Praise For Disturbing the Peace: 415 Records and the Rise of New Wave

"In the late 1970s, indie labels popped up all over America, forming an underground network that altered the course of musical history. Each one had a vision, characters and a story of DIY ingenuity, but those were overlooked as their bands took the spotlight. Trouser Press worked a lot with Howie Klein and San Francisco's pioneering 415 label, but I really didn’t know much about the company. Thanks to Bill Kopp's definitive Disturbing the Peace, now I do."

— Ira Robbins, co-founder of Trouser Press magazine

"The direct line leading from San Francisco’s psychedelic hippie-band era of the ’60s to the city’s punk and new wave movement of the late ’70s-’80s has never been drawn this clearly — or with this much sheer elation — before. Although they might seem to have little in common musically, philosophically or stylistically, 415 Records bands like Romeo Void, The Nuns, Translator and SVT (whose bassist, Jack Casady, had been in the earlier era’s Jefferson Airplane and Hot Tuna) followed the same guiding DIY principles, rebelliously eschewing a craving for mainstream success in favor of fomenting a true cultural revolution. Disturbing the Peace is more than just another profile of a local rock scene or record label—it’s the story of a seismic shift, and the passions of the people who created it."

— Jeff Tamarkin, author of Got a Revolution!—The Turbulent Flight of Jefferson Airplane

"By sweeping together the minutiae of one particular music scene — San Francisco in the late ’70s and early ’80s, when 415 Records began and flourished — Bill Kopp manages to remind us of the way punk and alternative music blossomed into cultural forces influencing the ’90s and beyond. Yes, it really happened: dozens and dozens of bands, club hoppers, radio hounds and record store geeks built and maintained a scene without the internet. This devourable, fanatically researched document is indispensable for those who were there and will gall into jealousy those who weren’t."

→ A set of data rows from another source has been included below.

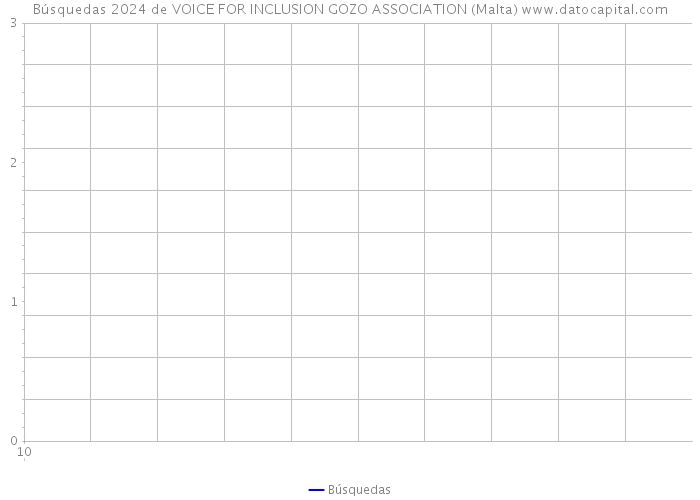 Búsquedas 2024 de VOICE FOR INCLUSION GOZO ASSOCIATION (Malta) 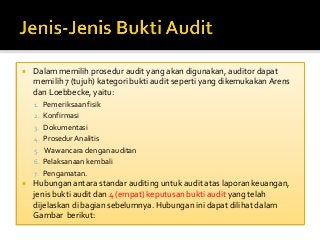 Detail Contoh Prosedur Audit Nomer 25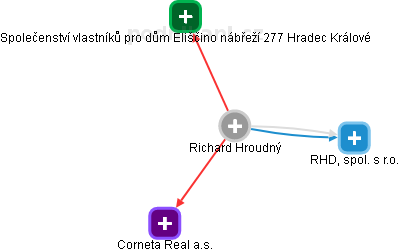 Richard Hroudný - Vizualizace  propojení osoby a firem v obchodním rejstříku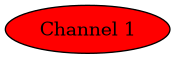 digraph {
  "Channel 1"
  [fillcolor=red style=filled];
}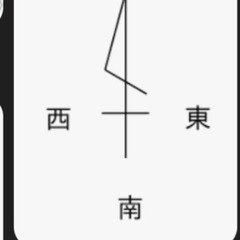 ポータブル電源　258wの画像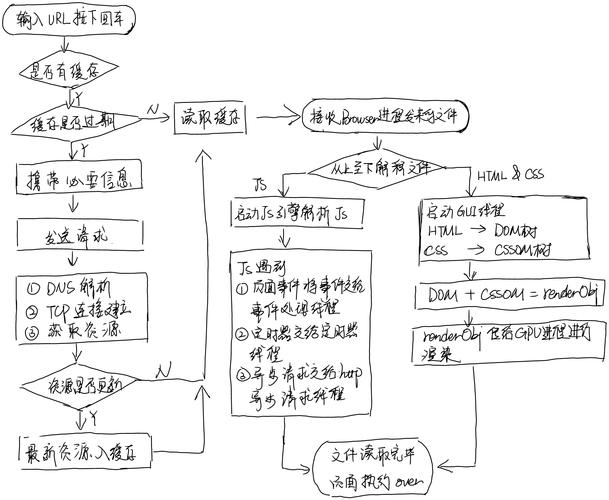 在ASP.NET MVC中，如何实现RenderPartial内部的循环渲染？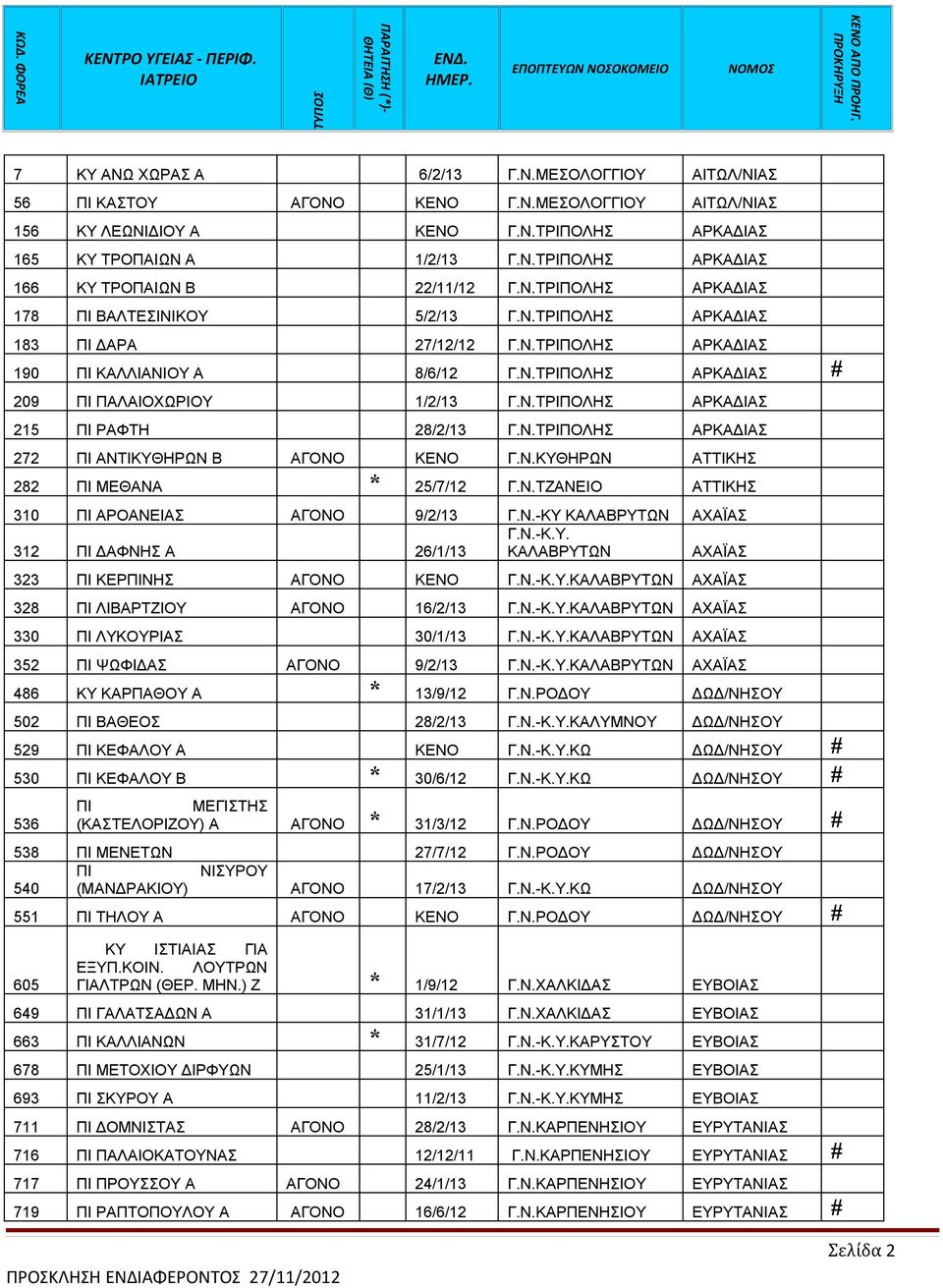 Ν.ΤΡΙΠΟΛΗΣ ΑΡΚΑΔΙΑΣ 190 ΠΙ ΚΑΛΛΙΑΝΙΟΥ Α 8/6/12 Γ.Ν.ΤΡΙΠΟΛΗΣ ΑΡΚΑΔΙΑΣ # 209 ΠΙ ΠΑΛΑΙΟΧΩΡΙΟΥ 1/2/13 Γ.Ν.ΤΡΙΠΟΛΗΣ ΑΡΚΑΔΙΑΣ 215 ΠΙ ΡΑΦΤΗ 28/2/13 Γ.Ν.ΤΡΙΠΟΛΗΣ ΑΡΚΑΔΙΑΣ 272 ΠI ΑΝΤΙΚΥΘΗΡΩΝ Β ΑΓΟΝΟ ΚΕΝΟ Γ.Ν.ΚΥΘΗΡΩΝ ΑΤΤΙΚΗΣ 282 ΠΙ ΜΕΘΑΝΑ * 25/7/12 Γ.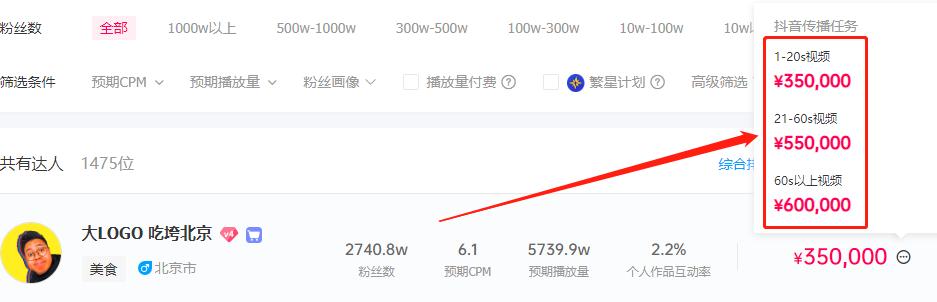 网红炫富珠宝首饰,网红炫富身份曝光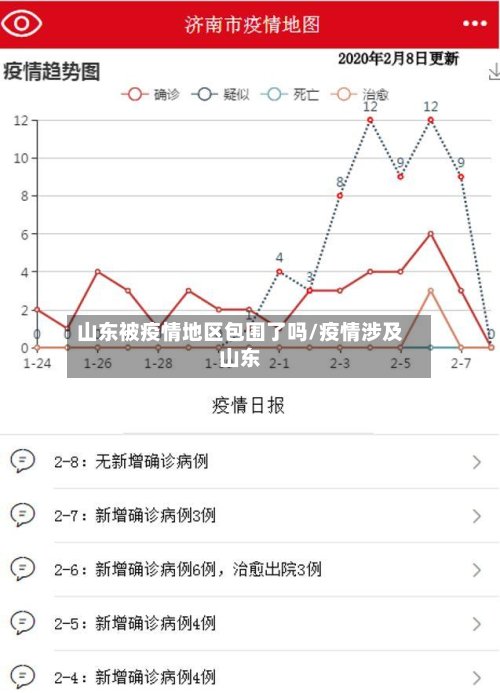 山东被疫情地区包围了吗/疫情涉及山东-第2张图片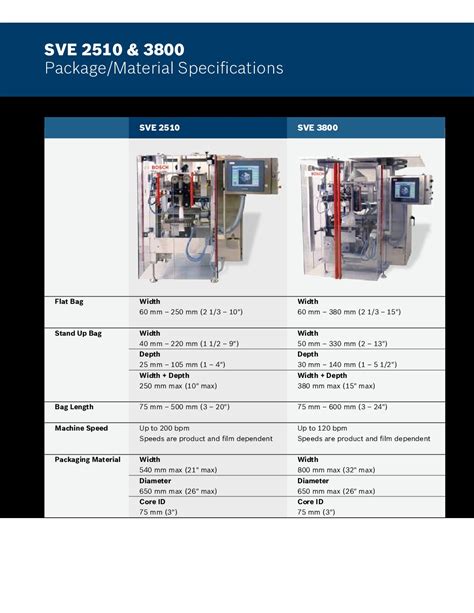 1. Continuous Motion Vertical Form Fill Seal (VFFS)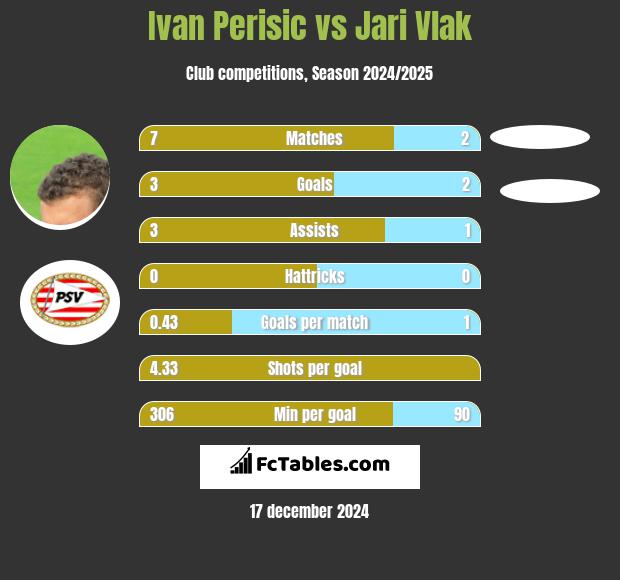 Ivan Perisic vs Jari Vlak h2h player stats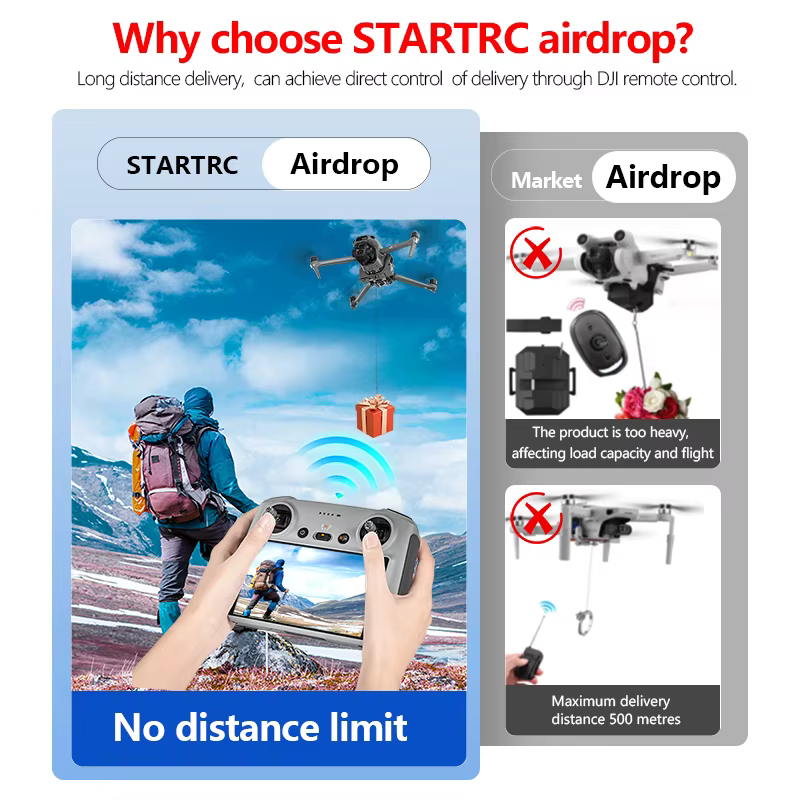 Système de largage aérien amélioré 12KM pour accessoires de drone DJI Air 3S, dispositif de transport de charge utile pour drone DJI Air 3
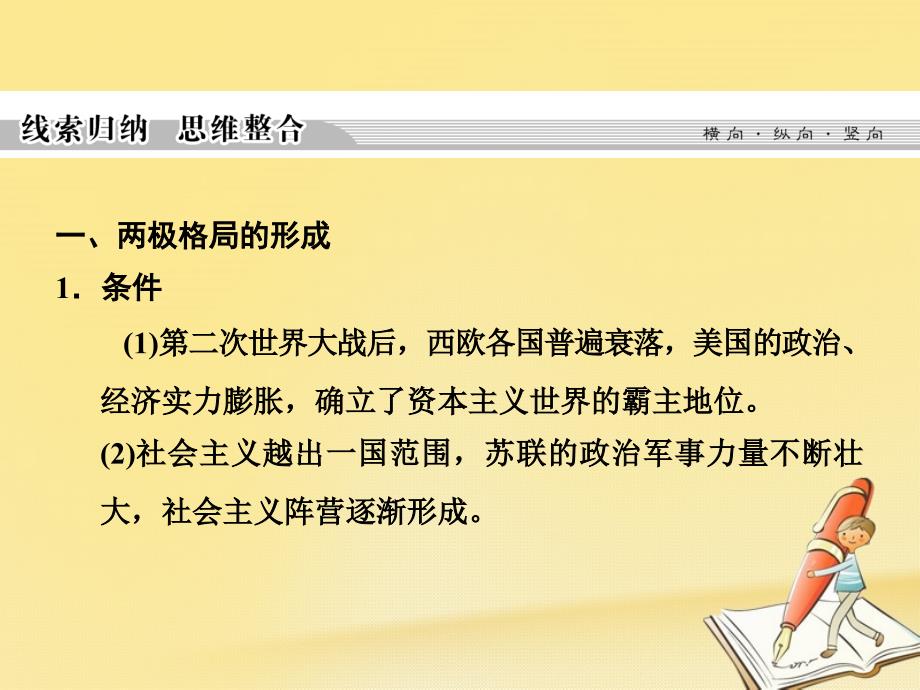 高中历史 第四单元 雅尔塔体系下的冷战与和平单元总结课件 新人教选修3_第3页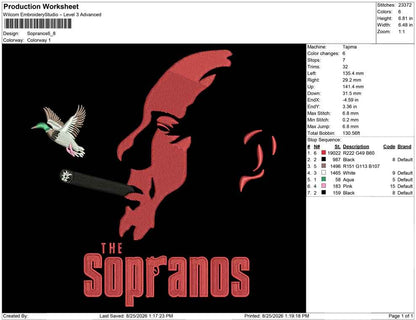Sopranos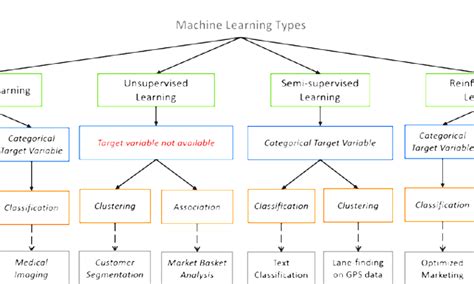 Supervised Learning - Supervised Learning Algorithms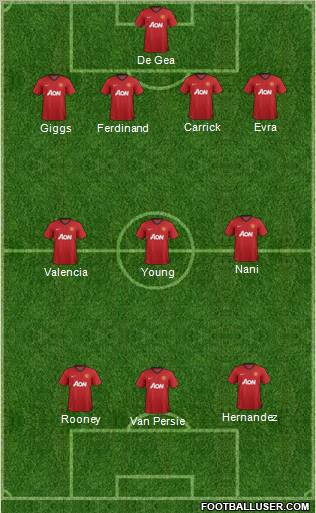 Manchester United Formation 2013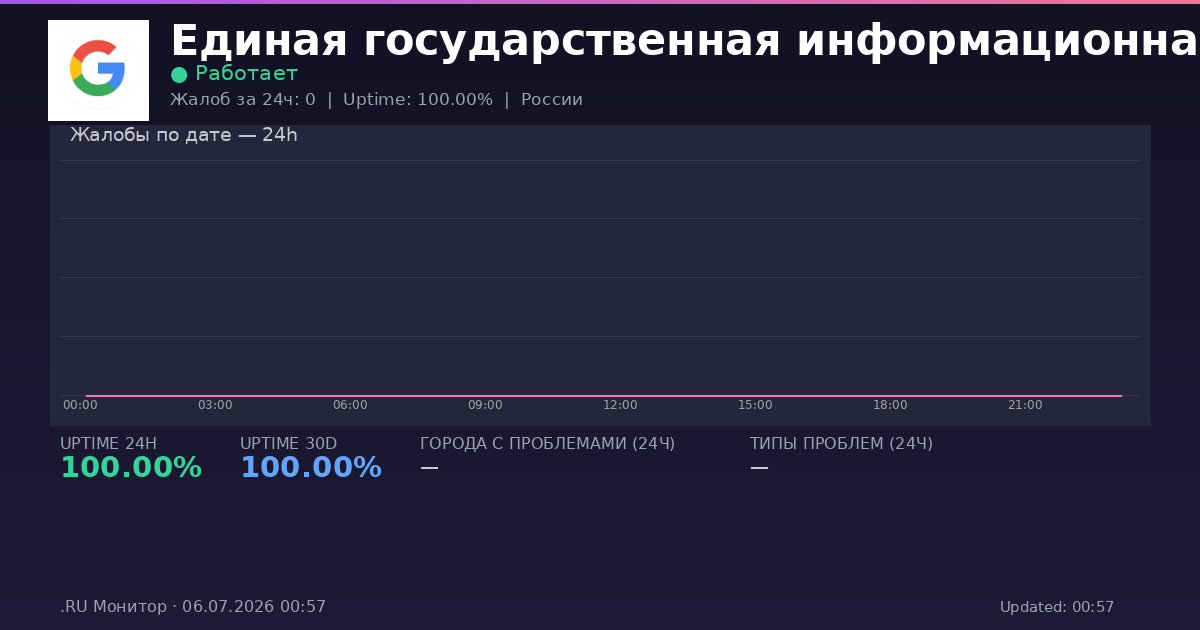 Единая государственная информационная система здравоохранения status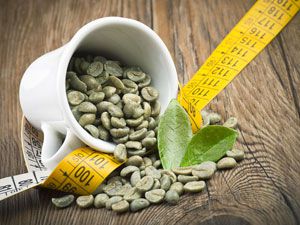 Зеленый кофе для похудения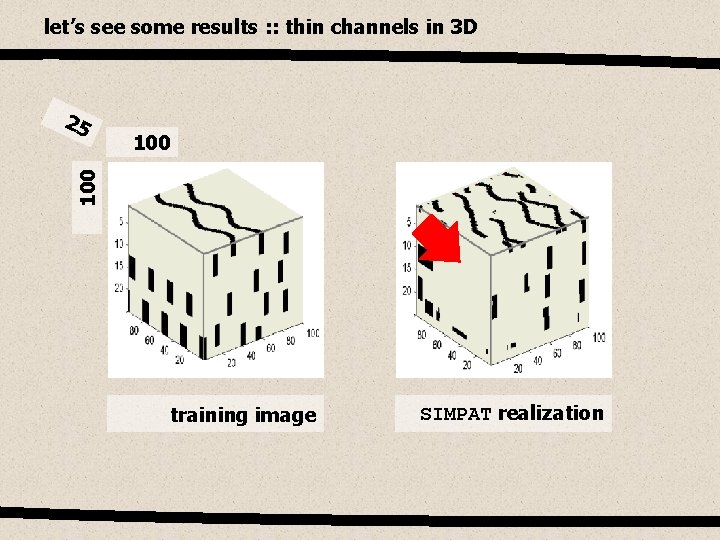 let’s see some results : : thin channels in 3 D 100 25 training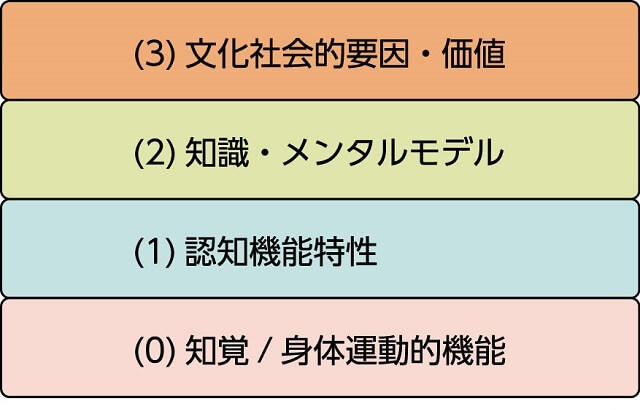 図1、人とモノの相互作用をとらえる4層モデルを表す図。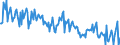 Direction of flow: Total / Type of cargo: Total / Maritime entity (partner): Total / Unit of measure: Thousand tonnes / Maritime entity (reporting): Port-la-Nouvelle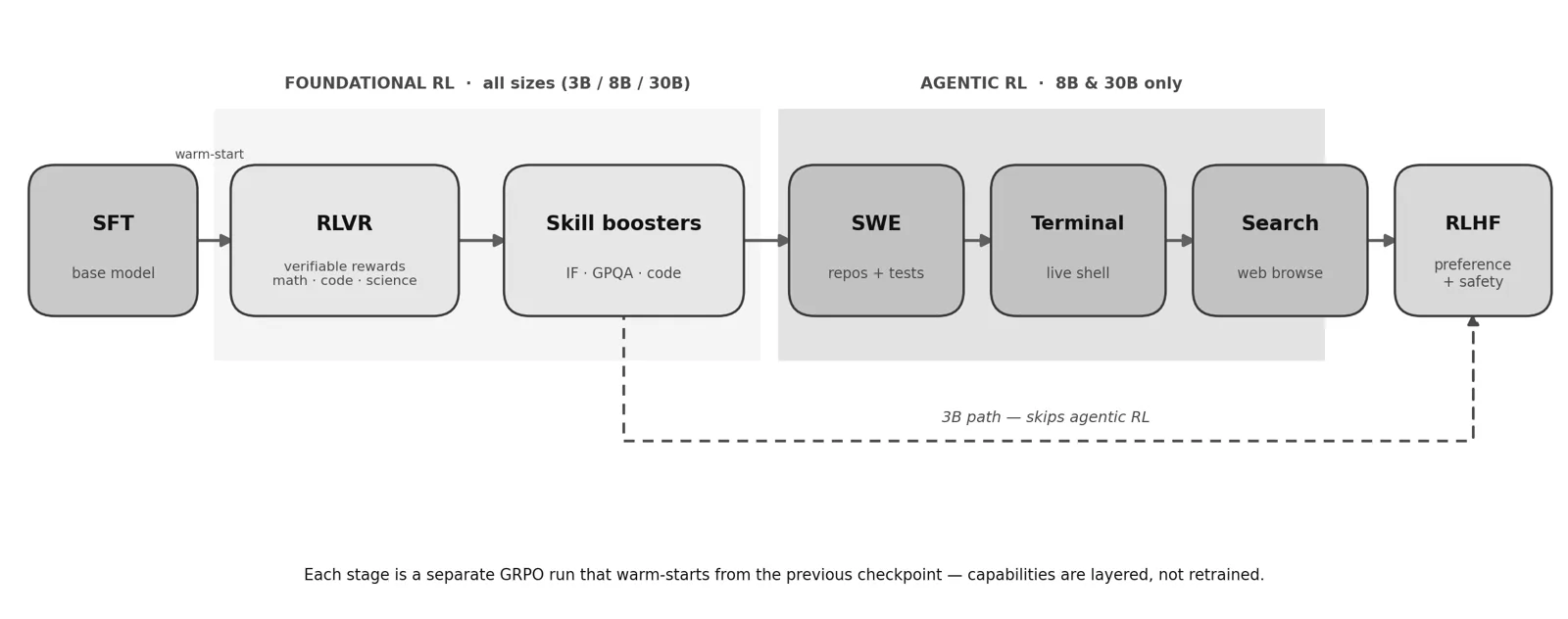 Granite 4.2 staged RL curriculum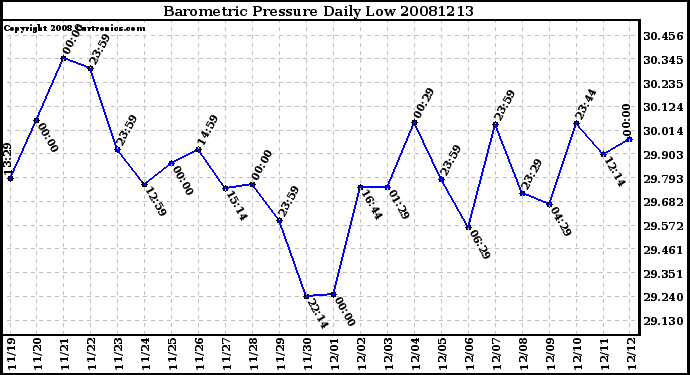 Milwaukee Weather Barometric Pressure Daily Low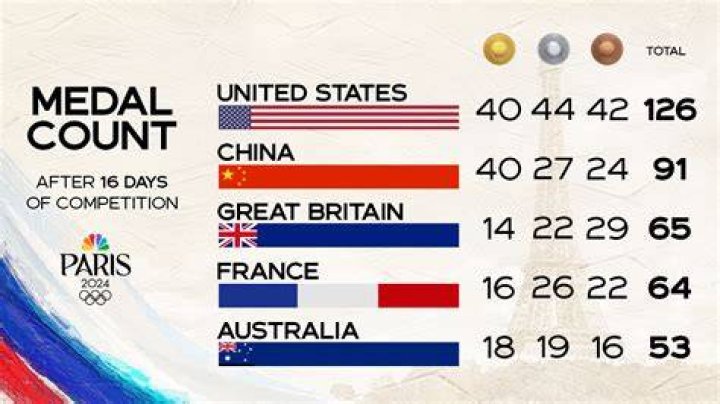 How many gold medals did USA win in 2018?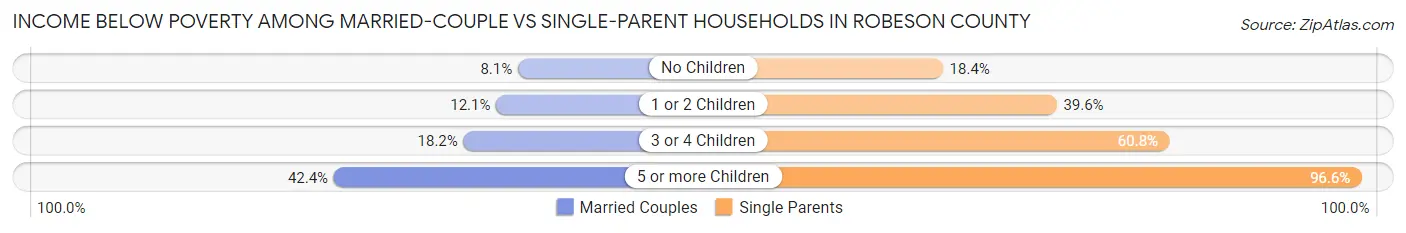 Income Below Poverty Among Married-Couple vs Single-Parent Households in Robeson County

— Karen Schoemer, author of Great Pretenders: My Strange Love Affair With ’50s Pop Music

HoZac Books, 9781735998534, 360pp.

Publication Date: January 3, 2022

About the Author

With a background in marketing and advertising, Bill Kopp got his professional start writing for Trouser Press. After a stint as Editor-in-Chief for a national music magazine, Bill launched the online zine Musoscribe in 2009, and has published new content every business day since then (and every single day since 2018). The 4000+ interviews, essays, and reviews on Musoscribe reflect Bill's keen interest in American musical forms, most notably rock, jazz, and soul. His work features a special emphasis on reissues and vinyl. Bill’s work also appears in many other outlets both online and in print. He also researches and authors liner notes for album reissues — more than 30 to date — and co-produced a reissue of jazz legend Julian “Cannonball” Adderley’s final album. His first book, Reinventing Pink Floyd, was published by Rowman & Littlefield in 2018, and in paperback in 2019. Disturbing the Peace is his second book.